Alvo de uma política de “pressão máxima” de Trump, o país que faz parte dos Brics tem sido alvo de uma nova rodada de sanções econômicas norte-americanas, desde o início do ano.
O objetivo, segundo o presidente dos EUA, é evitar que o Irã consiga uma arma nuclear e fazer com que Teerã concorde com um acordo nuclear, que vem sendo discutido nas últimas semanas.
Ofensiva e contraofensiva
Trump ameaçou aplicar tarifas de, no mínimo, 100% aos países dos Brics que buscassem uma moeda alternativa ao dólar em transações internacionais. A adoção de um sistema de pagamento para transações comerciais entre os países que compõem o grupo é um dos temas prioritários, durante a presidência do Brasil nos Brics.
“No cenário internacional, os Estados Unidos, devido ao seu grande poder econômico, sempre preferiram negociar pactos bilaterais em vez de acordos multilaterais. Isso ocorre porque, em negociações multilaterais, seu poder de barganha tende a se diluir”, explica o advogado Marcelo Godke, especialista em Direito Internacional Empresarial.

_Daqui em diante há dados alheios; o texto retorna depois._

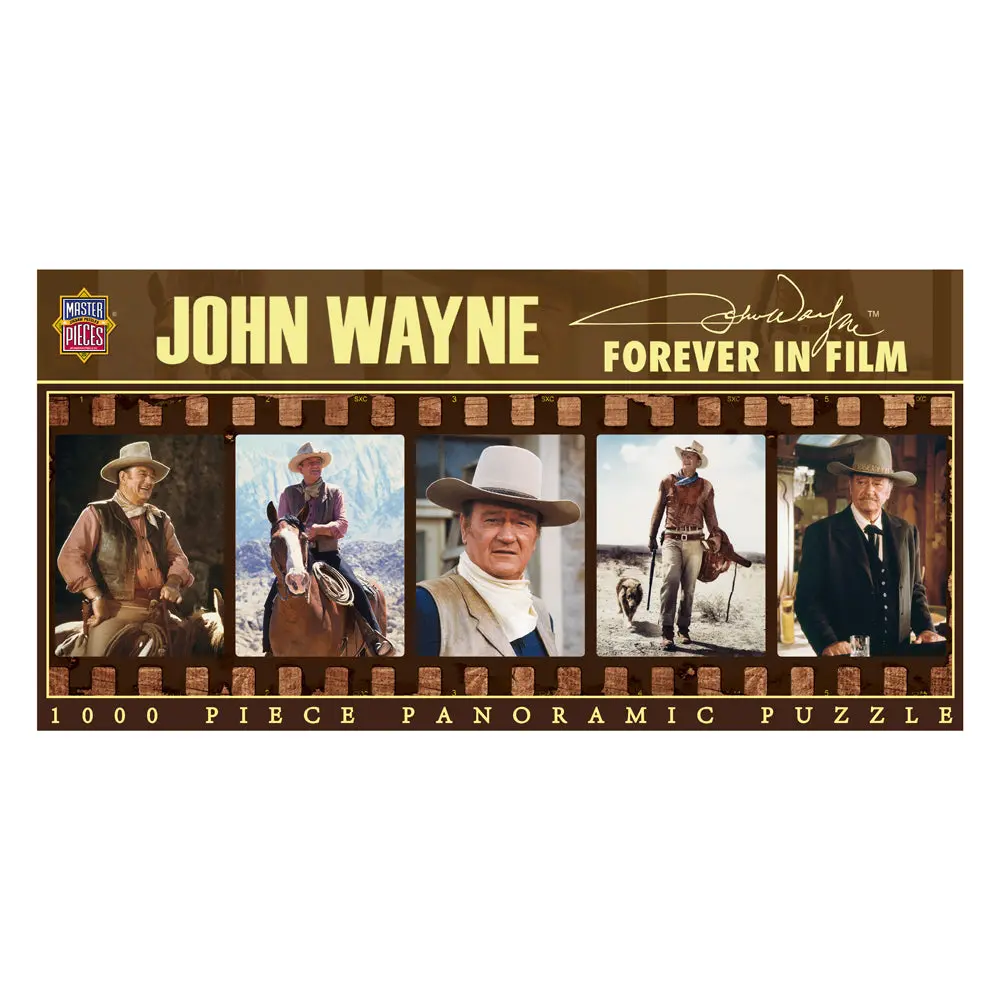Masterpieces John Wayne Forever In Film Panoramic Jigsaw Puzzle - 1000 Pc 1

Godke lembra que, mesmo com a atuação da Organização Mundial do Comércio (OMC), os EUA nunca deixaram de realizar negociações bilaterais paralelas com diversas nações. O país, inclusive, exerce grande influência sobre a organização, especialmente em questões tarifárias, restrições não tarifárias (como normas fitossanitárias) e direitos de propriedade intelectual.

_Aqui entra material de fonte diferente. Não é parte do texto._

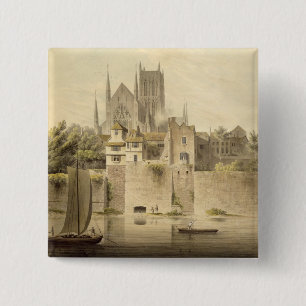 West View of Worcester Cathedral, 1798 (w/c on pap 2 Inch Square Button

“Esse comportamento reflete a estratégia norte-americana no comércio internacional, especialmente em relação a tarifas de importação e exportação”, complementa Godke.
O posicionamento dos Brics contra o novo tarifaço proposto por Trump reflete uma crescente pretensa consolidação do bloco como contraponto às políticas econômicas dos Estados Unidos.

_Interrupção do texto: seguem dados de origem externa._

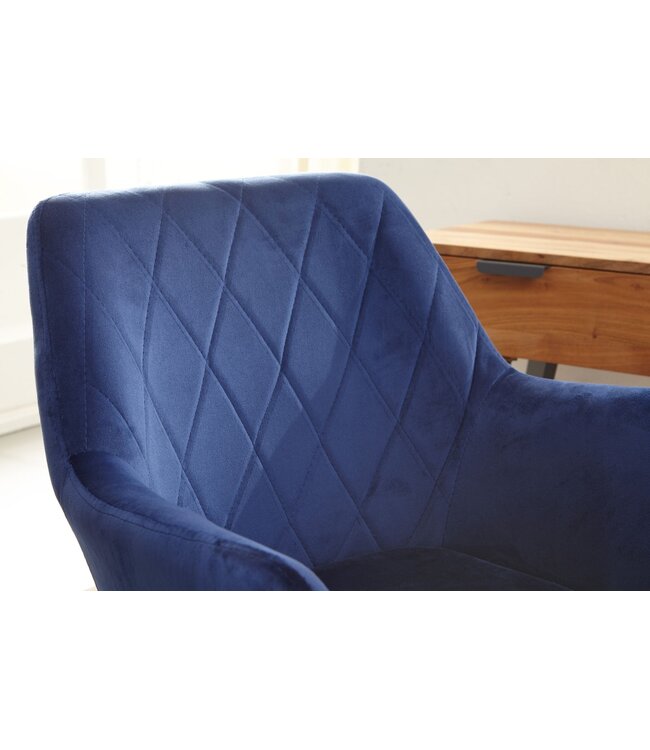 Wohnling bureaustoel donkerblauw velvet design draaifauteuil met rugleuning | kuipstoel 120 kg in hoogte verstelbaar | Werkstoel zonder wielen | Stoel bureau thuiskantoor Draaibaar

Desafio dos Brics na negociação com os EUA
Para o especialista Fernando Canutto, os Brics, em teoria, poderiam adotar posturas alinhadas ou concentradas em certas frentes, diante dos EUA, como:
- apoio mútuo em disputas comerciais na OMC;
- adoção de políticas tarifárias ou comerciais semelhantes; e
- fortalecimento de acordos comerciais alternativos e uso de moedas próprias em transações bilaterais.
“No entanto, lembramos que os BRICS são uma ‘união’ de países emergentes, sem qualquer afinidade cultural, e, em muitas vezes, com graves disputas entre si”, frisa Canutto.
Ele lembra que seus membros — Brasil, Rússia, Índia, China, África do Sul, Emirados Árabes Unidos, Egito, Irã, Etiópia e Indonésia —não possuem uma relação tão harmoniosa, por exemplo:
- Egito e Etiópia têm uma disputa sobre as águas do Rio Nilo, essencial para a manutenção da vida na região e com grande potencial hidroelétrico;
- Rússia está em conflito contra a Ucrânia, que vem dragando seus recursos financeiros;
- China e Índia têm uma história de tensões e conflitos, especialmente devido a disputas territoriais na fronteira do Himalaia.
Em meio a todo esse cenário, a Índia vem despontando como a nação mais empenhada em negociar com os EUA, sendo a maior beneficiária da redução do embate entre China e EUA.